» ENTRIES PROVIDED:
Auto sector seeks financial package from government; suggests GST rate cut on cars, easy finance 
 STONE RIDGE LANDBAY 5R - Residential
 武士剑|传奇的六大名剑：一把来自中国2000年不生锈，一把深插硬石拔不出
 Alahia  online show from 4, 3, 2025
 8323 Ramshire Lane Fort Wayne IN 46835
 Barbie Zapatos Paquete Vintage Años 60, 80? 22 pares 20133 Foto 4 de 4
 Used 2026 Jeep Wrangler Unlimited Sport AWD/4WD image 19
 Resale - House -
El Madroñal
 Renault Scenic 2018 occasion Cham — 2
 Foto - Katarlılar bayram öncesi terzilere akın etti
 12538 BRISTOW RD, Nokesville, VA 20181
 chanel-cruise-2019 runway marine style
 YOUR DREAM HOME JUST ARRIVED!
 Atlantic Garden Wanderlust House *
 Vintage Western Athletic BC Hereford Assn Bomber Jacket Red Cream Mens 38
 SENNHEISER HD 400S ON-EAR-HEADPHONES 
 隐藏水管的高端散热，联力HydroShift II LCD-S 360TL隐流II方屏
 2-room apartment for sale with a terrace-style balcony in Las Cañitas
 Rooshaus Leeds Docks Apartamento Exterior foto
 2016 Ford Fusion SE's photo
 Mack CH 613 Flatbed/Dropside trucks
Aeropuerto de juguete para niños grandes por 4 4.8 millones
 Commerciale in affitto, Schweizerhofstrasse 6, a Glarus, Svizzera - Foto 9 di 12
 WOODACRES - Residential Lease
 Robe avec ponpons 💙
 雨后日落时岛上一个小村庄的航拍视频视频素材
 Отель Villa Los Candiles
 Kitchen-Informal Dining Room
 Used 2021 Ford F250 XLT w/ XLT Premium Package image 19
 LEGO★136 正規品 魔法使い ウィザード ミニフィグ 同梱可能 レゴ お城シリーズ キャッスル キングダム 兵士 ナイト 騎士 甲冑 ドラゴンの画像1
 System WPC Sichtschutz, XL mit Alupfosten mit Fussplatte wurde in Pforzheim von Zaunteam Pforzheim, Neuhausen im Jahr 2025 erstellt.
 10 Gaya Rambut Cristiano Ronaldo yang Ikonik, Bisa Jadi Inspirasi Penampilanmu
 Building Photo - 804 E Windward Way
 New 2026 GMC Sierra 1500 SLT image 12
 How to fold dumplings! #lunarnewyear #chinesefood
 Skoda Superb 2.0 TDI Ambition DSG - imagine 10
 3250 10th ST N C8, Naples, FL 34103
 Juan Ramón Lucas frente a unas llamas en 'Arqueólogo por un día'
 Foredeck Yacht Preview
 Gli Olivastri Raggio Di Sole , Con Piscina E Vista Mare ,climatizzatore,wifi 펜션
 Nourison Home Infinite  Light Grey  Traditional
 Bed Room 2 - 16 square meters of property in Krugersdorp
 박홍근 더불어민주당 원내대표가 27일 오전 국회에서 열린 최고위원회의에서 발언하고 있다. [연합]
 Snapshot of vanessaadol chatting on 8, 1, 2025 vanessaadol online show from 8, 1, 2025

» AIM OF THE EXERCISE: Each line from the one that contains "Juan Ramón Lucas" through the end of the material above should be returned exactly, and nothing else.

» WORKED SOLUTION:
 Juan Ramón Lucas frente a unas llamas en 'Arqueólogo por un día'
 Foredeck Yacht Preview
 Gli Olivastri Raggio Di Sole , Con Piscina E Vista Mare ,climatizzatore,wifi 펜션
 Nourison Home Infinite  Light Grey  Traditional
 Bed Room 2 - 16 square meters of property in Krugersdorp
 박홍근 더불어민주당 원내대표가 27일 오전 국회에서 열린 최고위원회의에서 발언하고 있다. [연합]
 Snapshot of vanessaadol chatting on 8, 1, 2025 vanessaadol online show from 8, 1, 2025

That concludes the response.